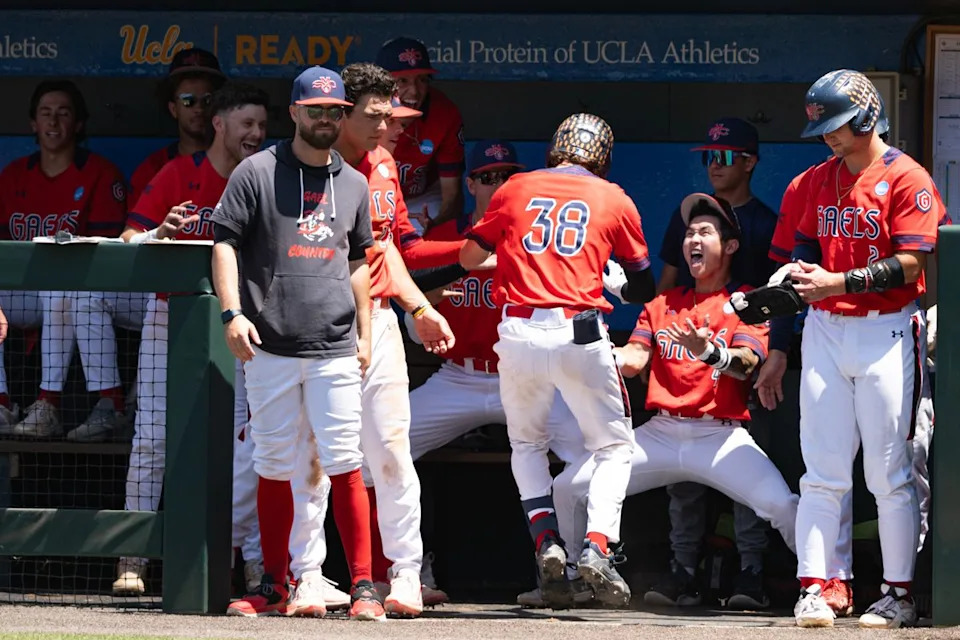 Saint Mary's College catcher Ian Armstrong (38) celebrates with team mates after scoring a homerun during an NCAA regional championship elimination game between the Saint Mary's College Gaels and UCLA Bruins on May 31, 2026 at Jackie Robinson Stadium in Los Angeles Calif.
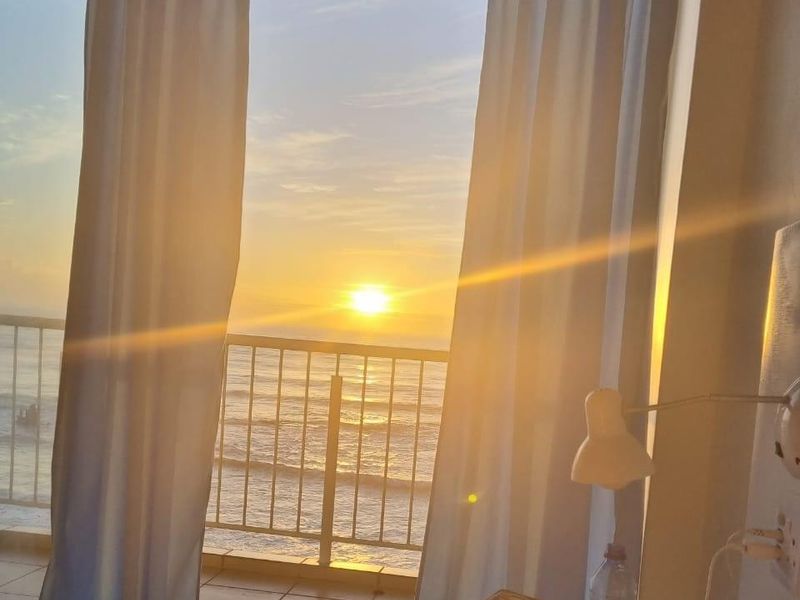 Bedroom featuring a sliding glass door that opens onto a balcony with a scenic ocean view at sunset.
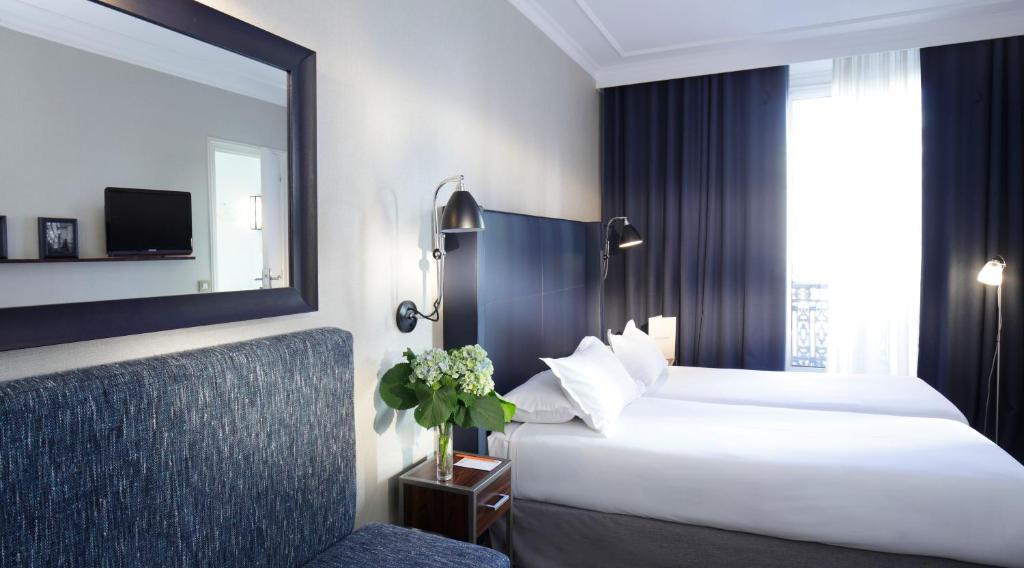 a hotel room with a large bed and a mirror at Hôtel Londres et New York - Teritoria in Paris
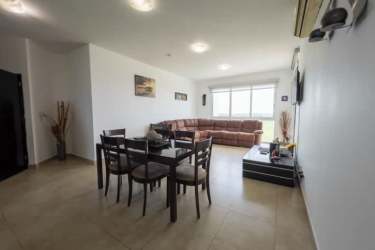 Furnished master bedroom with king bed and ocean view window Playa Blanca condo for rent Panama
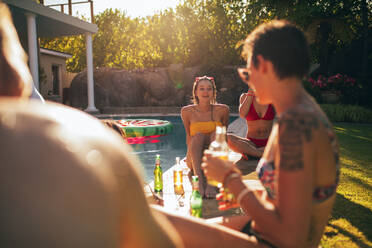 Außenaufnahme einer Gruppe junger Leute, die am Rande des Pools sitzen und Bier trinken. Multirassische Freunde genießen und trinken während einer Poolparty. - JLPSF25658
::::
§ **What the task asks**: Nothing but the lines from the one containing "Bedroom featuring a" through the last line of the data should appear in the answer, copied exactly, with pictures excluded.

§ **Exercise result**:
 Bedroom featuring a sliding glass door that opens onto a balcony with a scenic ocean view at sunset.
 a hotel room with a large bed and a mirror at Hôtel Londres et New York - Teritoria in Paris
 Furnished master bedroom with king bed and ocean view window Playa Blanca condo for rent Panama
 Außenaufnahme einer Gruppe junger Leute, die am Rande des Pools sitzen und Bier trinken. Multirassische Freunde genießen und trinken während einer Poolparty. - JLPSF25658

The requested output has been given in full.